(Records)
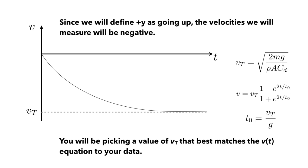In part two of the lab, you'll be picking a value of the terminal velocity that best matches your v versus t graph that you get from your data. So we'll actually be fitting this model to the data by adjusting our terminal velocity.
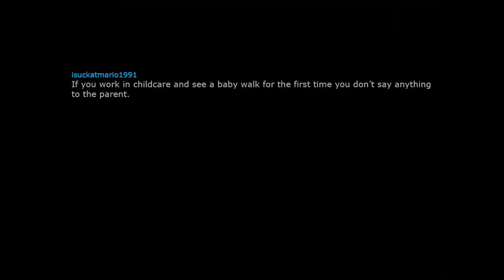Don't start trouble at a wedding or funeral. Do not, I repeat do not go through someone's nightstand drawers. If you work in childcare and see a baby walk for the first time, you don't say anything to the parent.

* * *

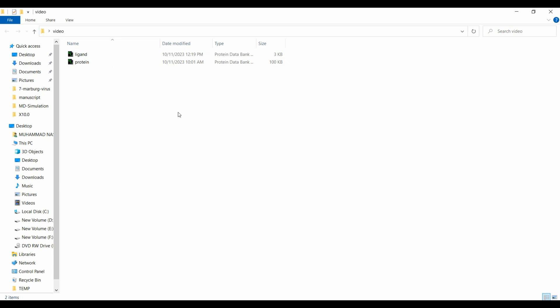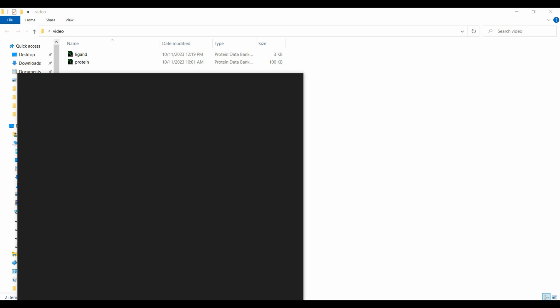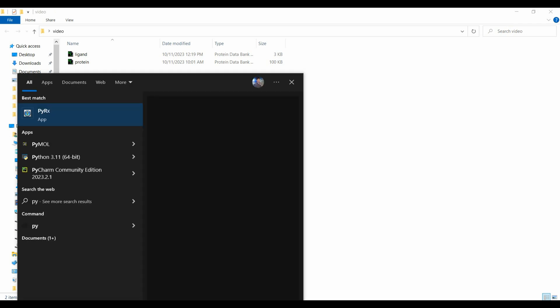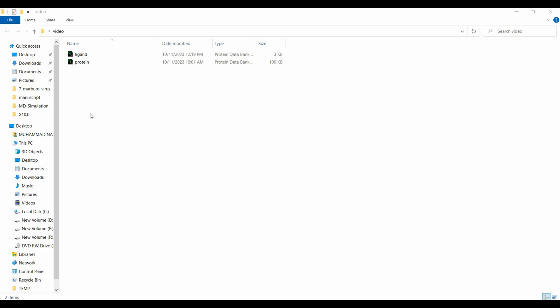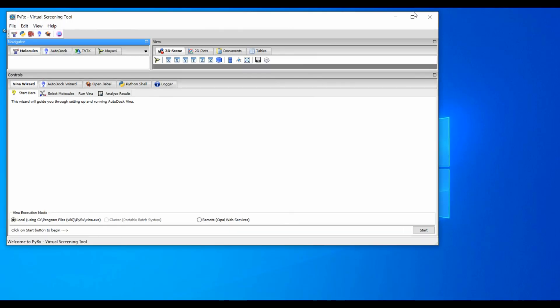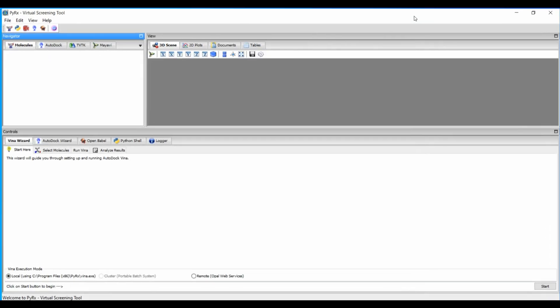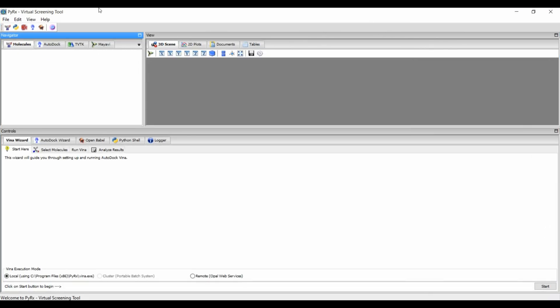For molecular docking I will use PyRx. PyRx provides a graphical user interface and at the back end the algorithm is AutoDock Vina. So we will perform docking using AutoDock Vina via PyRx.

==

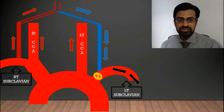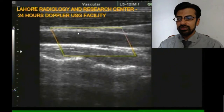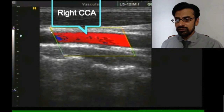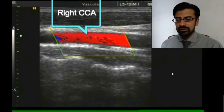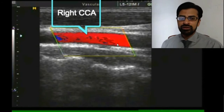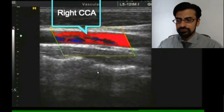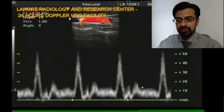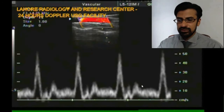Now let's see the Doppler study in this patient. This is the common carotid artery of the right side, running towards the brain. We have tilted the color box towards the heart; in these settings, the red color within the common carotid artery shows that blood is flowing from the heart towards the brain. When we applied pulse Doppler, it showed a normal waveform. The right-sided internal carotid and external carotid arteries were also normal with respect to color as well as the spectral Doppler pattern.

(Task instructions) Your output should be the lines above from the one that contains "In part two" through the one that contains "Don't start trouble", word for word, with pictures left out.

(Task answer)
In part two of the lab, you'll be picking a value of the terminal velocity that best matches your v versus t graph that you get from your data. So we'll actually be fitting this model to the data by adjusting our terminal velocity.
Don't start trouble at a wedding or funeral. Do not, I repeat do not go through someone's nightstand drawers. If you work in childcare and see a baby walk for the first time, you don't say anything to the parent.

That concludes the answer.